01 February 2019

The Art

A new raft of beers from Tipperary start-up Canvas arrived in DrinkStore late in 2018. I picked a handful to try over the quieter days of the Christmas vacation.

First up was Sweet Gale Ale, just as the name implies, and 4.6% ABV. I poured carefully, as advised on the label, leaving a few centimetres in the bottle. The resulting blonde glassful was then only slightly hazy, with a fine lasting white foam on top. It smells sweetly herbal, of basil, rosemary and the like, though there's a mild eye-watering sour tang too, akin to a Flanders red. The flavour is clean and sweet again, the herbs joined by a subtle peppery piquancy. Some esters like you'd find in saison or weissbier add a greasy substance and a hint of banana, but not too much. It's a nifty little number, crisp and clean, and avoiding any extremes of flavour. I'd place it closest to a light saison on the style spectrum, but the sweet gale makes it its own thing. At least, I'm assuming there's real sweet gale in here as it's mentioned on the name but not in the ingredients listing. For divilment I threw the lees from the bottle into the glass at the end. It doesn't affect the flavour. Pour carelessly and with abandon.

Bellagie came next, described as a "Belgian single with elderflower" and coming in at 5.3% ABV. It poured almost completely flat, which wasn't a good start. No carbonation means no aroma, so we skip past that to the flavour which is... fine. I like a good dollop of elderflower in a beer and this has that: meadowy and summerish. The base beer behind it is quite plain, but I think I can discern its Belgian roots in the complementary honey sweetness. I thought that was all that was on offer until the sourness arrived back unexpectedly -- the spicy saltpetre of proper lambic, drying out the sugars and cleaning them off the palate. Just a little more sparkle could turn this into a champagne-like champion, but I still enjoyed the one I had more than I was expecting to from the appearance.
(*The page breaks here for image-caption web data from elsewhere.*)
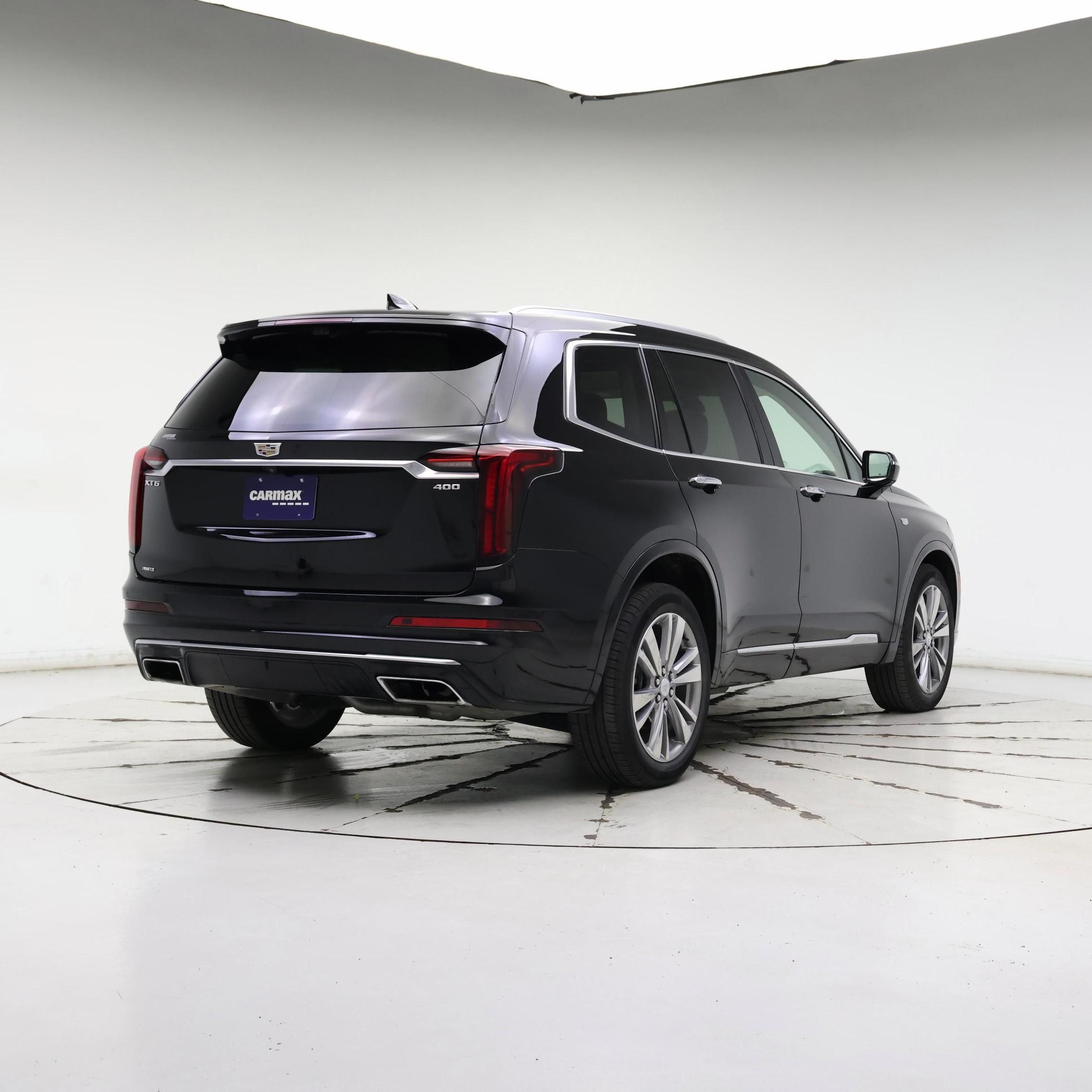 Thumbnail: 2023 Cadillac XT6 - 8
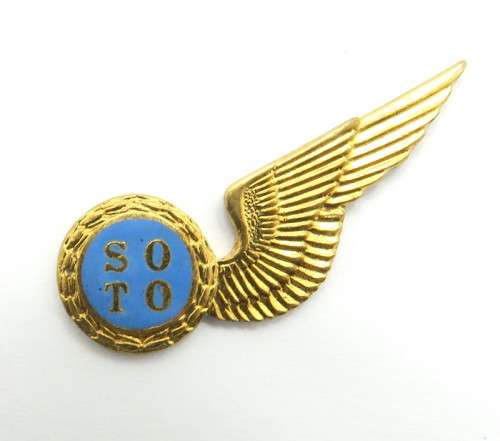 S.A airforce half wing, target tow operator.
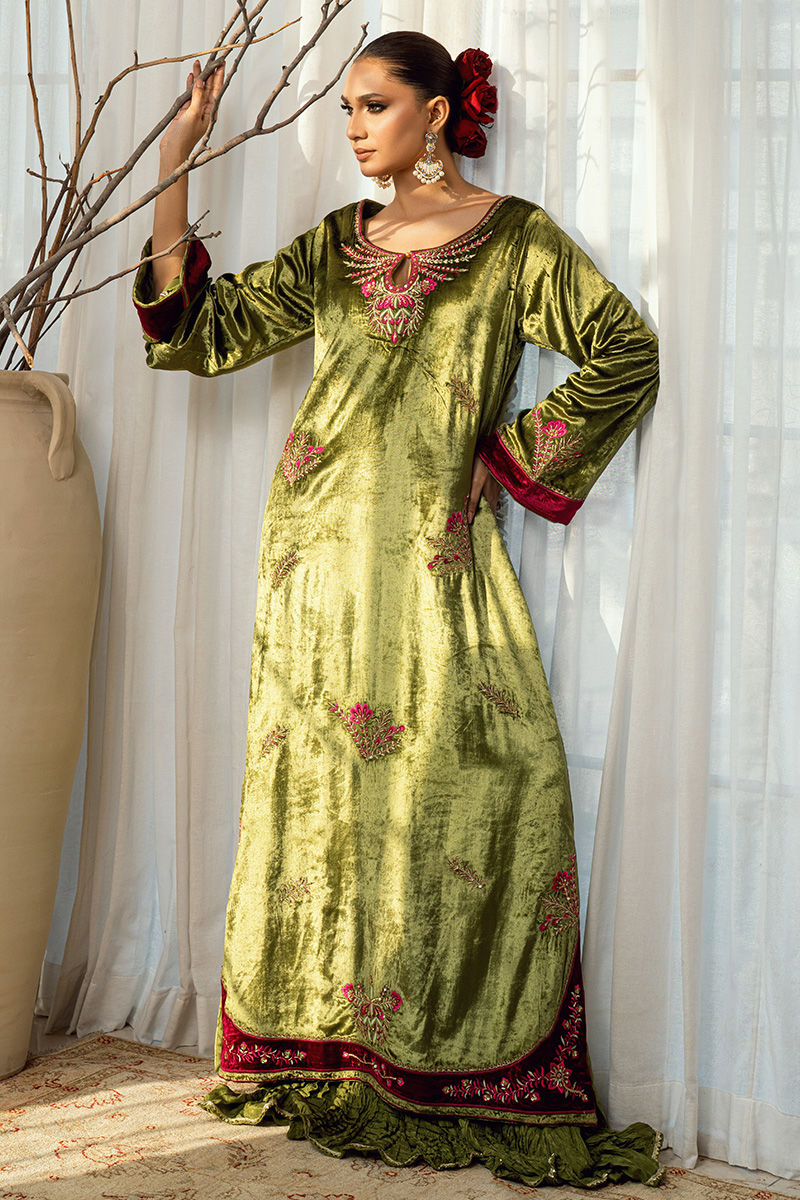 Fatima Khan | Warm Whisper Velvet 25 | Jade Whisper - Official Fatima Khan stockist in UK - Sakeena London
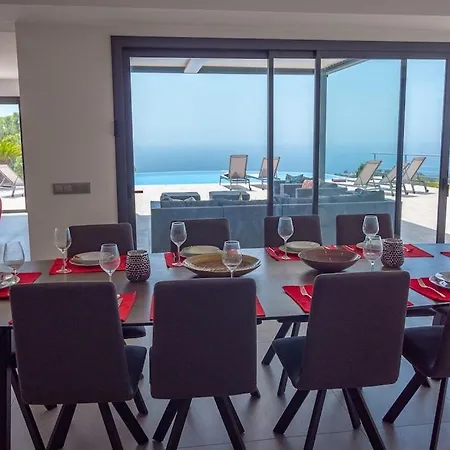 Eleonora Lux Villa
Number three is a barrel-aged amber ale called... [dramatic pause] The Liminal. We're up to 5.6% ABV now, which is still fairly modest. I expect amber ale to be red, but this is paler, more a light shade of copper. The aroma is very roasty; dry with coffee notes, like a stout. What's going on? That roast is still present on tasting, but gentler, about the level you'd expect in the drier sort of Irish red, which is more in keeping with the purported style. Unfortunately that sits next to a curdling vinegar sourness which I'm blaming on the red wine barrel. There's oak for sure, and fruity red grape, but it's all harsh and horrible, clashing badly with the dry coffee grounds effect. Low carbonation yet again, coupled with a thin texture, accentuates the severity of it all. The whole thing is sickly and difficult; the opposite of the good kind of odd.

A dark beer to finish out on. Corylus looked the picture of porter perfection in the glass, deepest brown with an even layer of fine off-white foam. It's not a porter, though, it's a brown ale. There are added hazelnuts but nothing on the label suggests it should be sour, and it is. There's a sweet brown ale in the background somewhere, with chocolate and maybe even those hazelnuts, but up front a balsamic vinegar sourness reigns. It's thin too, all the dark malt richness attenuated away. It's not actively unpleasant, but I don't think it's the beer it's meant to be. At 6.7% ABV it's possibly strong enough to rebrand as a Flemish-style oud bruin, assuming every bottle turned out the same way.

Canvas remains, for me, a brewery of potential. There's no doubting the fantastic creativity, done without following the predictable fashion of contemporary "daring" beer recipes. But there are still clearly quality issues. I hope they can get these sorted out soon.